Designing agents that autonomously acquire skills to complete tasks in their environments has been an ongoing research topic for decades. The complete realization of the vision remains elusive, yet research pursued in the quest toward this goal has yielded tremendous scientific and technological advances. The thesis addresses three research areas that are key to progress on this vision.
The first area is deep Reinforcement Learning (RL), where we develop new algorithms for both online and offline RL. More specifically, we propose an experimental setting where we demonstrate that pre-training policies from offline datasets can lead to significant improvement in online learning sample efficiency on unseen tasks (up to $80\%$ on standard benchmarks). The second contribution in this area is a novel offline RL algorithm based on Generator Adversarial Network. In contrast to recent algorithms that enforce distribution constraints, we use a dual generator formulation to enforce support constraints, leading to improved performance.
The method outperforms recent state-of-the-art algorithms on tasks that require stitching sub-optimal trajectories to learn performant behavior.

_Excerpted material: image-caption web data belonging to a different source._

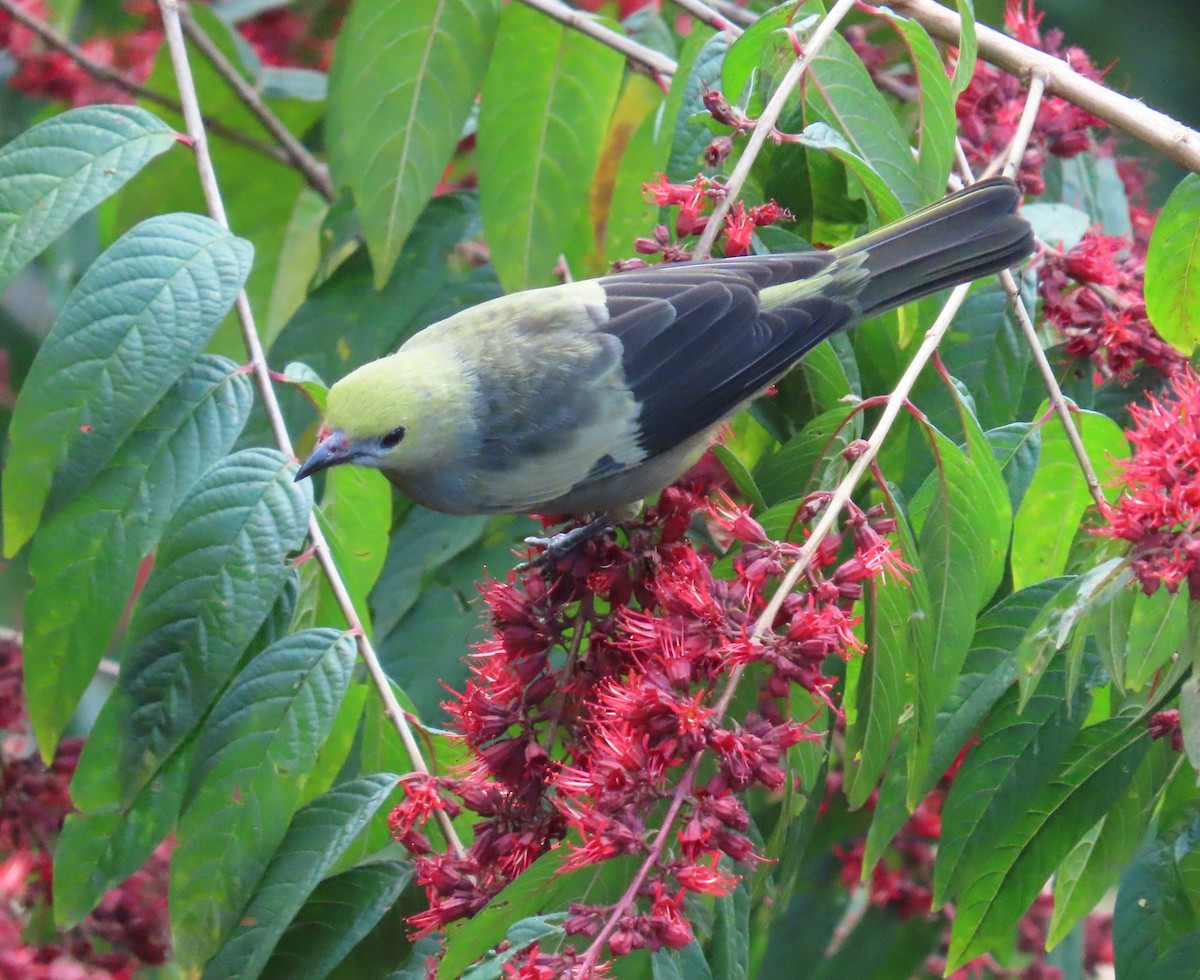 Tangara Palmera - ML645407329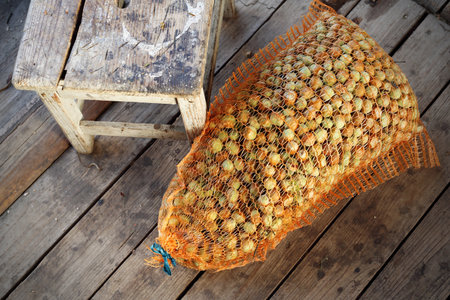 Hazelnut. Autumn harvest of nuts, home pantryの写真素材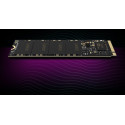 Lexar SSD 256GB 1300/3000 NM620 M.2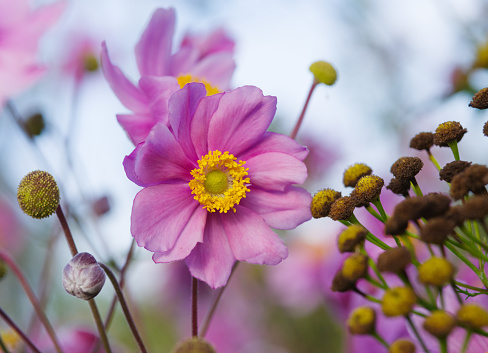 A closeup of a Japanese anemone flower blooming in the garden in spring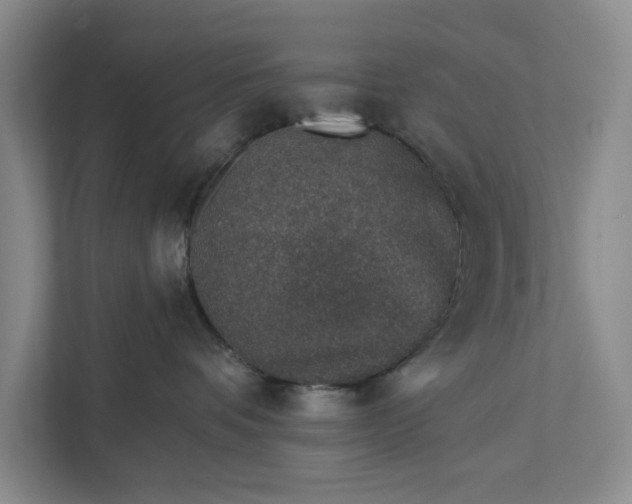 X0000112380336200908271325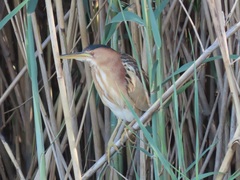 Ixobrychus minutus payesii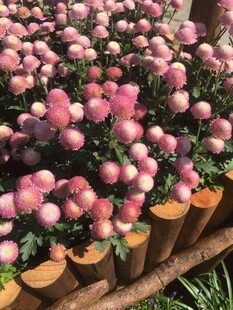 粉色盆栽花卉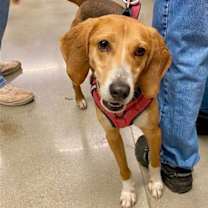Thumbnail photo of Peppermint *Adopt or Foster* #1
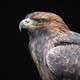 close-up of an eagle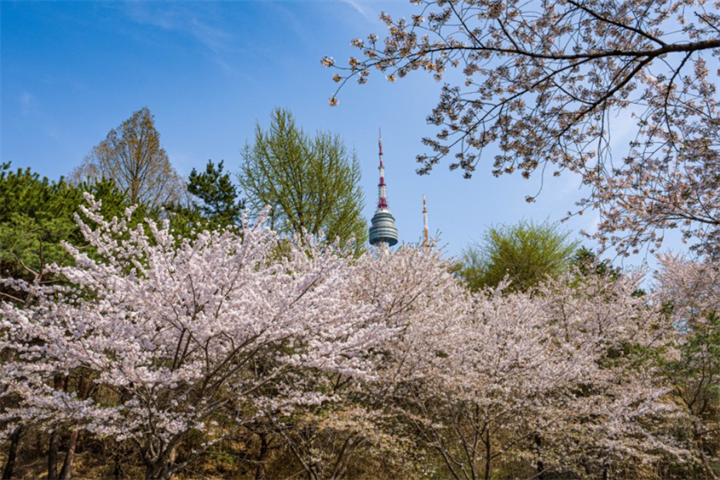 南山1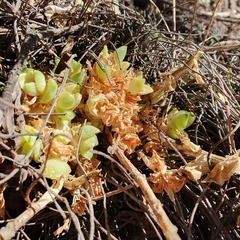 Sedum ebracteatum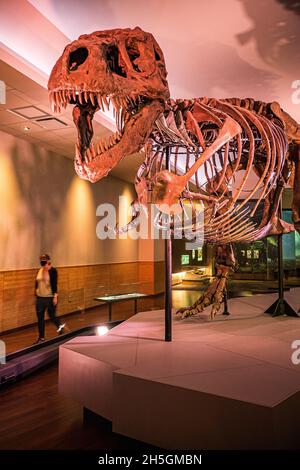 View of the famous fossil of Sue, a huge T. rex, at the Evolving Planet evolution exhibition at the Field Natural History Museum in Chicago, IL, USA Stock Photo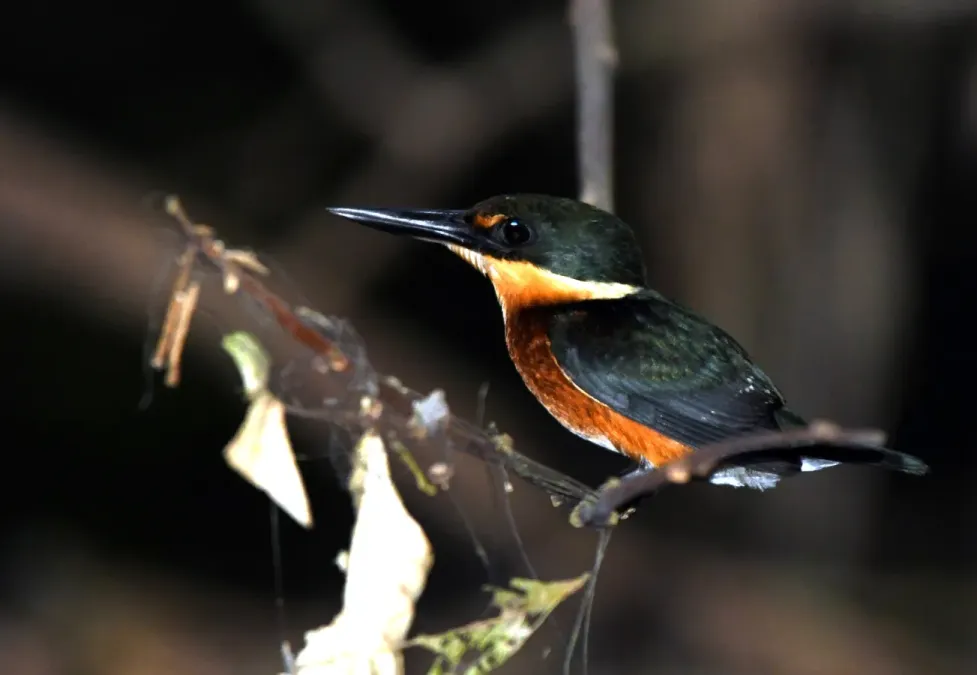 File:Chloroceryle aenea - Vincent A. Vos - 416524212.jpeg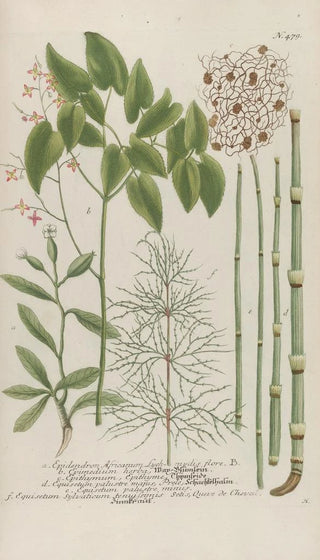 Johann Wilhelm Weinmann - Phytanthoza iconographia Pl202.webp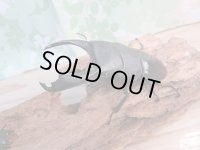 ☆即ブリ☆カマリネスヒラタクワガタ（キングテイオウヒラタクワガタ）♂96ミリ♀42ミリペア7販売！！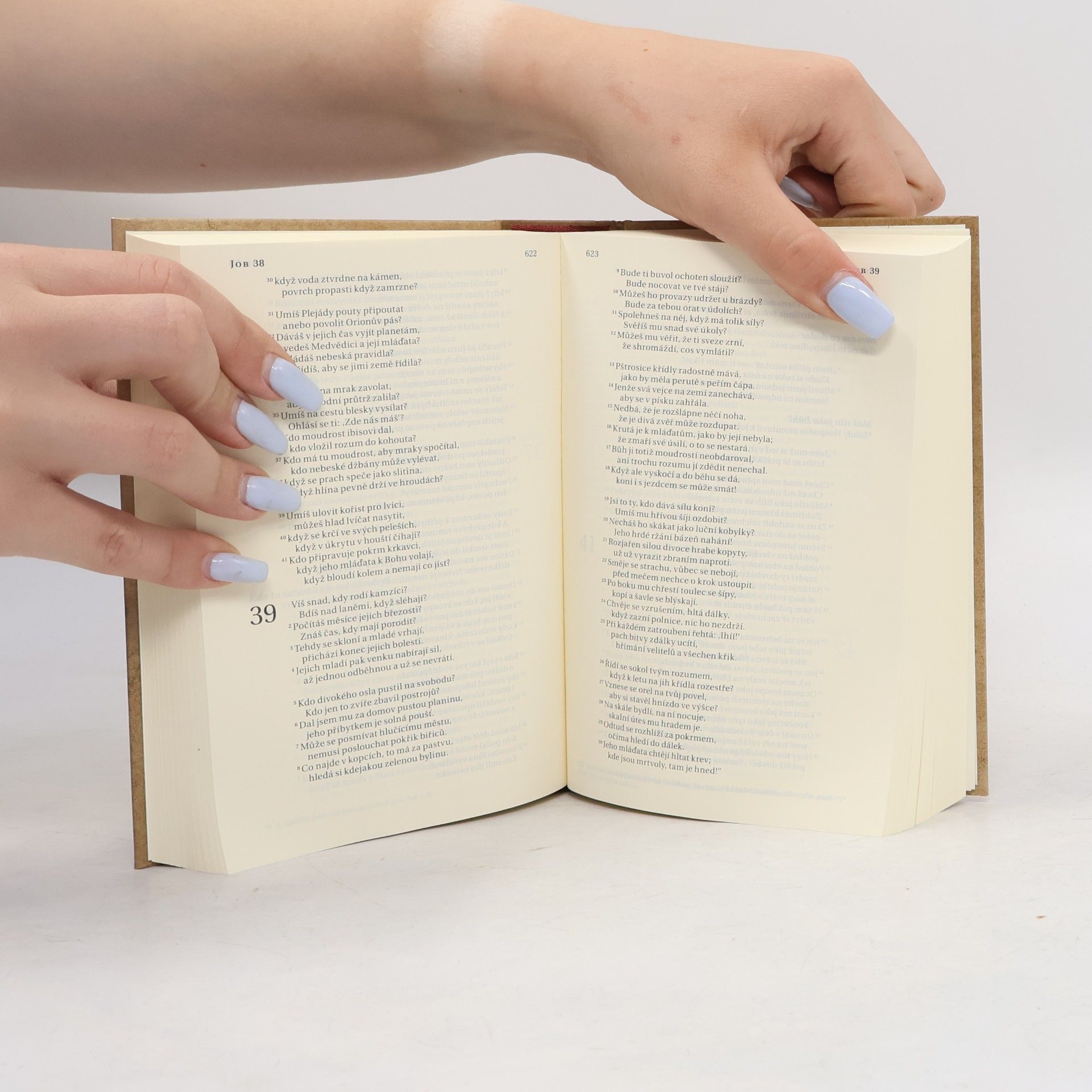 Kolektiv autorů Bible. Překlad 21. století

The second is human-machine interfaces for human supervision, e.g. to collect demonstrations for robotic manipulation. Using a single RGB-D camera as the sensing device to capture human motion in real-time, we demonstrate that our teleoperation system allows the human operator to successfully control a 6 degree-of-freedom manipulator to complete complex tasks, such as peg-in-hole and folding cloth.
The third is the automatic construction of simulated environments for training deep neural networks. We show the benefit of our framework in the task of grasping objects in clutter using 6 degree-of-freedom grasp. Using only 30 reconstructed scenes and thousands of grasp labels, a state-of-the-art grasping network architecture when trained using our reconstructions outperforms by 11% the publicly released pre-trained model that was trained with 17.7 million grasp labels.